52a. R4C8 can't be 8. R4C8 = 8 --> R4C9 = 2 and R5C89 = {36} --->> R6C89 = {75} which interferes with 28(4) N69. So 14(4)N36 isn't {1238} and 8 can be eliminated from R4C8
52b. 14(4) N36 = {1247|2345} So 4 locked in 14(4) N36 and can be eliminated from R6C9.

53. No 6 in R6C89: either 1 or 6 in 14(3) N6 and 9(2) N6. So no 1 or 6 anywhere else in N6.

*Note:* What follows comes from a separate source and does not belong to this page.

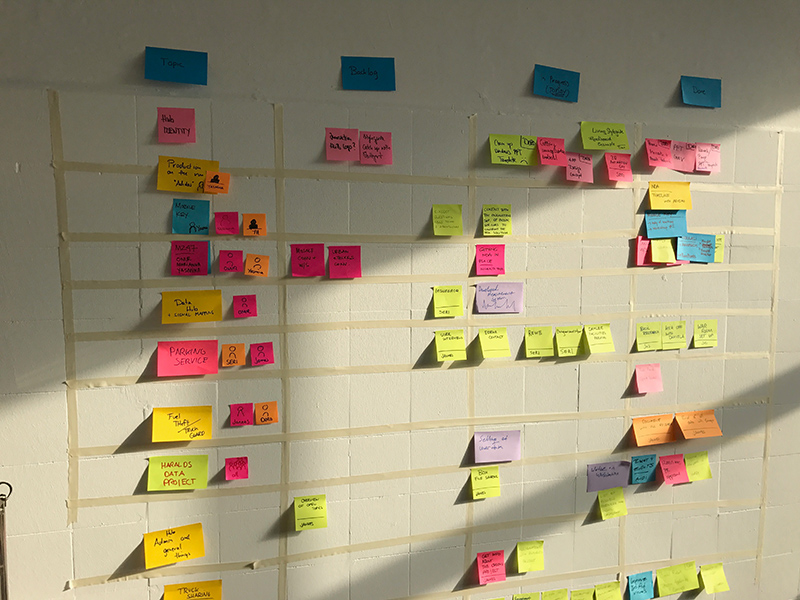 Innovation Funnel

Nasenbaer · Post by **Nasenbaer** » Fri Jan 05, 2007 5:27 pm

54. r1c7 can't be 1 or 6.
54a. r23c9 = 5 = {14} or r23c9 = 8 = {17|35}
54b. r23c9 = 5 -> r13c7 = 10 = {28|37} ([64] not possible, 4 used in r23c9)
54c. r23c9 = 8 -> r13c7 = 7 = {34}|[52]

Para · Post by **Para** » Fri Jan 05, 2007 5:34 pm

this is a really crude step, not pretty but effective.

55. No 6 in R5C3:
55a. R5C3=6 -->> R5C9= 1 -->> R4C89 no 7 (14(4) = {2345})
R5C3=6 -->> R6C7=6; R5C7=5; R4C7=3 -->> R4C3=1; R6C3=7 -->> R6C89 no 7. No place for 7 in N6. So no 6 in R5C3
55b. 6 locked in R5 for N6. No 6 anywhere else in N6.
55c. No 5 in R5C7 -->> 5 locked in N6 for R6 no 5 anywhere else in R6

Nasenbaer · Post by **Nasenbaer** » Fri Jan 05, 2007 5:37 pm

56. N3 : 6,9 locked in 30(5) = 69{258|348|357} -> no 1 -> 1 locked in r23c9 for N3 and c9 -> no 7 in r8c7 -> N36 : 14(4) = {1247}

57. -> N6 : 9(2) = {36} -> 3,6 locked for N6 and r5 -> r4c7 = 1 -> r4c3 = 3

58. r5 : r5c4 = {24} -> 6(2) = {15} -> 1,5 locked for N4 and r5

59. r5 : 19(3) = 8{29|47} -> 8 locked in 19(3) for N5 and r5

60. -> r4c45 = {56} -> 24(4) in N25 = {4569} -> 5,6 locked for r4 and N5

Edit: Overlapping posts, cleaned up, reposted.